In questo senso, sembra che ad ogni buona intenzione debba sempre corrispondere una negazione della stessa. Una sorta di remissivo senso del presente che non smarca nulla del futuro. Una rassegnata interpretazione di una Calabria immobile che seppellisce ogni piccola luce che si muove nella cultura o nel turismo, privando se stessa di un’idea di protagonismo affidato solo a promozioni d’occasione. Ogni sforzo, ogni tentativo condotto verso la meta di un orizzonte di luce, rischia di trovarsi poi impantanato in un quotidiano che ricolloca ogni speranza all’interno di una statica consapevolezza dell’essere. E, in questo, ogni espressione del conservatorismo, sia esso culturale che istituzionale, ristabilisce l’ennesimo falso equilibrio tra ciò che si poteva fare e ciò che va lasciato così com’è.

Turismo, sviluppo, promozione culturale, cura dei luoghi e delle memorie, partecipazione e allargamento del gioco politico a chi è più capace, diventano le vittime illustri di una nuova stagione verghiana dove tutto sembra essere pronto per il cambiamento, ma è solo apparenza. La crescita di una terra e della sua società cammina nella percezione che ognuno di noi ha di essa quando vi percorre le strade, quando passeggia sulle spiagge o quando fa la coda in un ospedale. Quando sente il bisogno di uscire dal guscio protettivo di una società che lo avvolge con piccole certezze ma che, in realtà, lo ipnotizza sull’oggi lasciando il domani dietro porte difficili da aprire.

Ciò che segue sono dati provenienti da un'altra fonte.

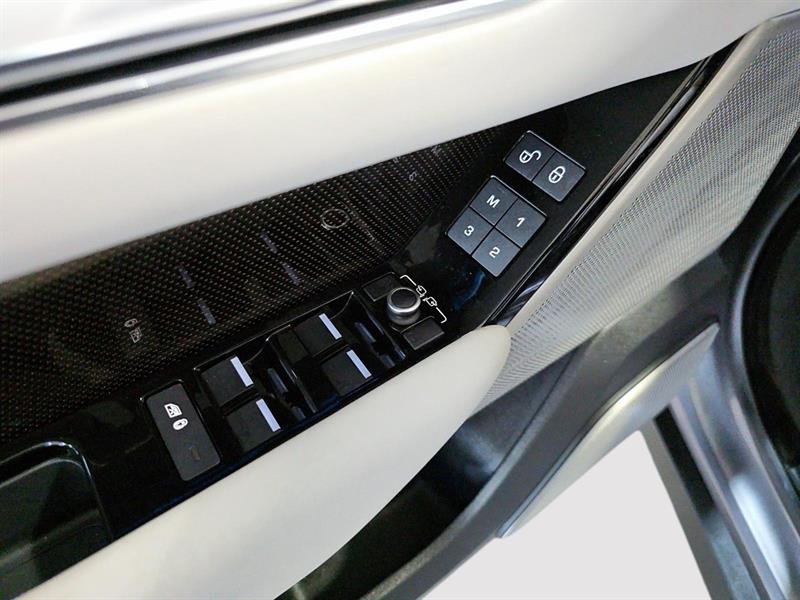 land rover Range Rover Velar 2018 - 16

In questo sembra ancora una volta, tra piccole trasparenze e molte torbide acque, che la Calabria voglia essere nemesi di se stessa non ricercando successi e non preoccupandosi di difendersi dall’onta del crimine quanto della criminalizzazione, dai luoghi comuni che la pongono nell’immaginario collettivo come luogo dove tutto è possibile, lasciando che essa alla fine essa sia prezzemolo di molte, amare, ministre.